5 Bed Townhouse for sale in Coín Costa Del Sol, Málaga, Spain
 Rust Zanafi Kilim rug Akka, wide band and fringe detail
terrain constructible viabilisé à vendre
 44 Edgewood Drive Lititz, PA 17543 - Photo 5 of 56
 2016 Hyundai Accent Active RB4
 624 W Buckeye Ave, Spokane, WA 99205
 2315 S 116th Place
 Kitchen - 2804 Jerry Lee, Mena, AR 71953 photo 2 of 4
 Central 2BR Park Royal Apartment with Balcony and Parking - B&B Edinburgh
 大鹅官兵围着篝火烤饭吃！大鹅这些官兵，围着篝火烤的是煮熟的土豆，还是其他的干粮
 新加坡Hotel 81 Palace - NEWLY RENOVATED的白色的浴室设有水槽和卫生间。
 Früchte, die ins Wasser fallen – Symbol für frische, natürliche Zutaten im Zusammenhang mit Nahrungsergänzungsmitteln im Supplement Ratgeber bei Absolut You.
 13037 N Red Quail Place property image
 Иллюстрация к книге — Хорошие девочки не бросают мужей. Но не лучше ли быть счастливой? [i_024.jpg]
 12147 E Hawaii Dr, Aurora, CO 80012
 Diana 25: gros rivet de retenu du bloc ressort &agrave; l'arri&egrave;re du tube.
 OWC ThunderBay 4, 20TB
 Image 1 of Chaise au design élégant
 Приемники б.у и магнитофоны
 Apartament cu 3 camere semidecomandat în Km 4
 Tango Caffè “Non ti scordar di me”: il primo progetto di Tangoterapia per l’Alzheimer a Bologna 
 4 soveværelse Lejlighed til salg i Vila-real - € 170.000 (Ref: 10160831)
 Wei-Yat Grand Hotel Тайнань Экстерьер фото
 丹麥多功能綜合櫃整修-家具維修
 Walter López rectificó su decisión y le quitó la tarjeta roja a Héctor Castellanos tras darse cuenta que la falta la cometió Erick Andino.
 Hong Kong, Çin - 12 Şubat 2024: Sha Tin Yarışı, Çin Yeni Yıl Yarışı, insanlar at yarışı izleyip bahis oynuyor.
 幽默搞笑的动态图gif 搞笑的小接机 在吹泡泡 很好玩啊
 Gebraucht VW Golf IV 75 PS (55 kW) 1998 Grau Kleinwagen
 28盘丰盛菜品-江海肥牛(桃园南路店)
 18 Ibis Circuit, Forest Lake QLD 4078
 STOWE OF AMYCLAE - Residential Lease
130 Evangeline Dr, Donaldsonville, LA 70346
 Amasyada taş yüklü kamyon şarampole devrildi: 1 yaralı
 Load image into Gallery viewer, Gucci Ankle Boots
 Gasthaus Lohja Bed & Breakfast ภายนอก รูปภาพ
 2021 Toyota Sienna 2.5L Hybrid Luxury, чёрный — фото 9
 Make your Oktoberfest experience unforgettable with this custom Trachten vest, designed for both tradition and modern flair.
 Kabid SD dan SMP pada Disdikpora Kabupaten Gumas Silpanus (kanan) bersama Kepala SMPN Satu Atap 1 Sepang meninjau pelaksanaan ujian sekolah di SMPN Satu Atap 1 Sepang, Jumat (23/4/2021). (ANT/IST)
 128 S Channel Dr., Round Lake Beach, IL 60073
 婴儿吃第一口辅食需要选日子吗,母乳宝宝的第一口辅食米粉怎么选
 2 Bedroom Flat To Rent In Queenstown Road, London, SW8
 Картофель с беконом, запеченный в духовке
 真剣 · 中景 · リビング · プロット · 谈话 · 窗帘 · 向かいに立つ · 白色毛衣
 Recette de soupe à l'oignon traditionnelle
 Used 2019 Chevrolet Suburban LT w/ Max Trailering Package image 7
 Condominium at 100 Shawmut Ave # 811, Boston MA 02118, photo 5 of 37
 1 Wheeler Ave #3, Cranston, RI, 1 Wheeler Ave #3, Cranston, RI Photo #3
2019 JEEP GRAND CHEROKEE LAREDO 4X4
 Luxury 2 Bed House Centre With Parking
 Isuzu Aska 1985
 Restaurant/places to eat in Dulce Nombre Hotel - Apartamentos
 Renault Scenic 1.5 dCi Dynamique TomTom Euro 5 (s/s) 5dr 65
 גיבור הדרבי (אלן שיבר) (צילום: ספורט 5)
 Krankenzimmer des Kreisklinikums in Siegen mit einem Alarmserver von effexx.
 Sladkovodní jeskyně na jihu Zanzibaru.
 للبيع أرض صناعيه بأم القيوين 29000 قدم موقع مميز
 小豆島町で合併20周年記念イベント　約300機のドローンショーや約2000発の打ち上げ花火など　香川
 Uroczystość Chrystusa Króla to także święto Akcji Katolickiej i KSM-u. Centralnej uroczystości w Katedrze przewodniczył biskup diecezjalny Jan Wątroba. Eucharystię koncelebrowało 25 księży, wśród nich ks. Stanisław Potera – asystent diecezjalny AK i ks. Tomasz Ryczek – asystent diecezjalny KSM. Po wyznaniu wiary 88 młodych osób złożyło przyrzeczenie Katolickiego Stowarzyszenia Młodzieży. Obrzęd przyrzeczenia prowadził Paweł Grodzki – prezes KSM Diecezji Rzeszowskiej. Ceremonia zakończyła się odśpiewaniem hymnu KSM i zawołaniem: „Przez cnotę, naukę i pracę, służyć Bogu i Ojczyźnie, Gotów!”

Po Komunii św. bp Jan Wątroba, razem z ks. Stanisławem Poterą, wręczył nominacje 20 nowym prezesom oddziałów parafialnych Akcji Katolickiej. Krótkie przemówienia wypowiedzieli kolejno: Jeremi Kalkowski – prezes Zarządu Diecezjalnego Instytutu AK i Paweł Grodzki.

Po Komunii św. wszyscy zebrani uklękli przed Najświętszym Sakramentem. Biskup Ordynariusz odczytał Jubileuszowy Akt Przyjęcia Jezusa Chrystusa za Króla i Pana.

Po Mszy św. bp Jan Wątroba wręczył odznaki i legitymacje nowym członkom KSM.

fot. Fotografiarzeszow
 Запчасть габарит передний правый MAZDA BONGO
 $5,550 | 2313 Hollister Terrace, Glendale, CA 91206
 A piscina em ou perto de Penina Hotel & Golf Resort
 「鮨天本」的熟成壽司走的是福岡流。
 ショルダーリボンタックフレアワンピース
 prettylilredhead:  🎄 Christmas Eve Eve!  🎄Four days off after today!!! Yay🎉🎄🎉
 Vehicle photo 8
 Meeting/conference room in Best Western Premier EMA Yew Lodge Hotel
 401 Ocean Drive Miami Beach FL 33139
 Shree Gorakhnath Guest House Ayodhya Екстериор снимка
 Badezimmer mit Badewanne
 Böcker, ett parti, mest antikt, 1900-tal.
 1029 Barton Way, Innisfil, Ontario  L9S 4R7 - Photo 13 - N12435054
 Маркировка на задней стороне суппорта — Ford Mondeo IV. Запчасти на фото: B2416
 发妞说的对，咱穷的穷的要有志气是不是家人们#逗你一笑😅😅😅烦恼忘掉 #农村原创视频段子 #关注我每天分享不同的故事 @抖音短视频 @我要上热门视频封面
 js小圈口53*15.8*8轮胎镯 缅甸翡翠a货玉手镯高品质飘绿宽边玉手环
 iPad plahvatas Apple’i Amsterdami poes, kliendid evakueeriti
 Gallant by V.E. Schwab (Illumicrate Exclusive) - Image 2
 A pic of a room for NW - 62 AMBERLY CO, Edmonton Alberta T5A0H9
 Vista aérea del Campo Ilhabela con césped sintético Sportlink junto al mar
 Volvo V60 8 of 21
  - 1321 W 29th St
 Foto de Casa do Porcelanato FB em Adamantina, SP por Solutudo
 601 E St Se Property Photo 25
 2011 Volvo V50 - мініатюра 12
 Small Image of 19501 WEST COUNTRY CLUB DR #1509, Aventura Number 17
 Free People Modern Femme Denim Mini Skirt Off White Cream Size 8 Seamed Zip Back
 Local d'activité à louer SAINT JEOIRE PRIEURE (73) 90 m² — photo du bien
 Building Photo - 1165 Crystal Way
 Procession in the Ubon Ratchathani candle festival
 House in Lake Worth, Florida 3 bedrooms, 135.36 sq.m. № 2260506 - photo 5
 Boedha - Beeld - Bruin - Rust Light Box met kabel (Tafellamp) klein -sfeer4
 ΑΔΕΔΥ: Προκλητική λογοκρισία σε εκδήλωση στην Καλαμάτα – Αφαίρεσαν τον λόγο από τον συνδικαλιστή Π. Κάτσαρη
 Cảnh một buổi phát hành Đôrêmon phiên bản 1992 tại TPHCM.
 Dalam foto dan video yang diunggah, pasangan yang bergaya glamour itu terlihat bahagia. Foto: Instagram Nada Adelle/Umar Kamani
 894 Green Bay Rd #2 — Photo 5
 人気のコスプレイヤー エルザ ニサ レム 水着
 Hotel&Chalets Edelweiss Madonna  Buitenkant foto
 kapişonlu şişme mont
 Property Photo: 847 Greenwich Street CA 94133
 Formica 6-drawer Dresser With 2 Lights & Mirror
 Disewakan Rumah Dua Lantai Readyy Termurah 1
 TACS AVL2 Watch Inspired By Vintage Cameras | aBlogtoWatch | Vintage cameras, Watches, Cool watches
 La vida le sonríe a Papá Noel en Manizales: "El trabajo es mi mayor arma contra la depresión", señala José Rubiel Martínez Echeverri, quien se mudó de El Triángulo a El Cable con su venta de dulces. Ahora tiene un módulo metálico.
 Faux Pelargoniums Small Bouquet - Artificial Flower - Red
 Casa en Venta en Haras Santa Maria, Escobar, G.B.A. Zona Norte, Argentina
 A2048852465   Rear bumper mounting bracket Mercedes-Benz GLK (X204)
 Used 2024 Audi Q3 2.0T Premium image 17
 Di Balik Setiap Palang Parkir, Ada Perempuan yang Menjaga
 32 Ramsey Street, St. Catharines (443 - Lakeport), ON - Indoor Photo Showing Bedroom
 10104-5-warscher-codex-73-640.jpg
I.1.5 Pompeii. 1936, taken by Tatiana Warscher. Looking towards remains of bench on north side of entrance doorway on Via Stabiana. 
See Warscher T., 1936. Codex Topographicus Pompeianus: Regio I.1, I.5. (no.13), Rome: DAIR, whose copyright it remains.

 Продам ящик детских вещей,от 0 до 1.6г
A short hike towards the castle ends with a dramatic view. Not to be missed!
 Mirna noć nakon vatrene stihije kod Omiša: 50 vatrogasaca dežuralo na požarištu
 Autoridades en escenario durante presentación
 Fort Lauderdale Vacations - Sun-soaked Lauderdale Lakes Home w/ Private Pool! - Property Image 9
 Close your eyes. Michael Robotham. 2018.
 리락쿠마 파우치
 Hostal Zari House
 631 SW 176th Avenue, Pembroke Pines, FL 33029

-=-=-

- What you have to do: With the line containing "Fort Lauderdale Vacations" as the first and the last line of the records as the final one, print exactly the lines in that span.

- Exercise result:
 Fort Lauderdale Vacations - Sun-soaked Lauderdale Lakes Home w/ Private Pool! - Property Image 9
 Close your eyes. Michael Robotham. 2018.
 리락쿠마 파우치
 Hostal Zari House
 631 SW 176th Avenue, Pembroke Pines, FL 33029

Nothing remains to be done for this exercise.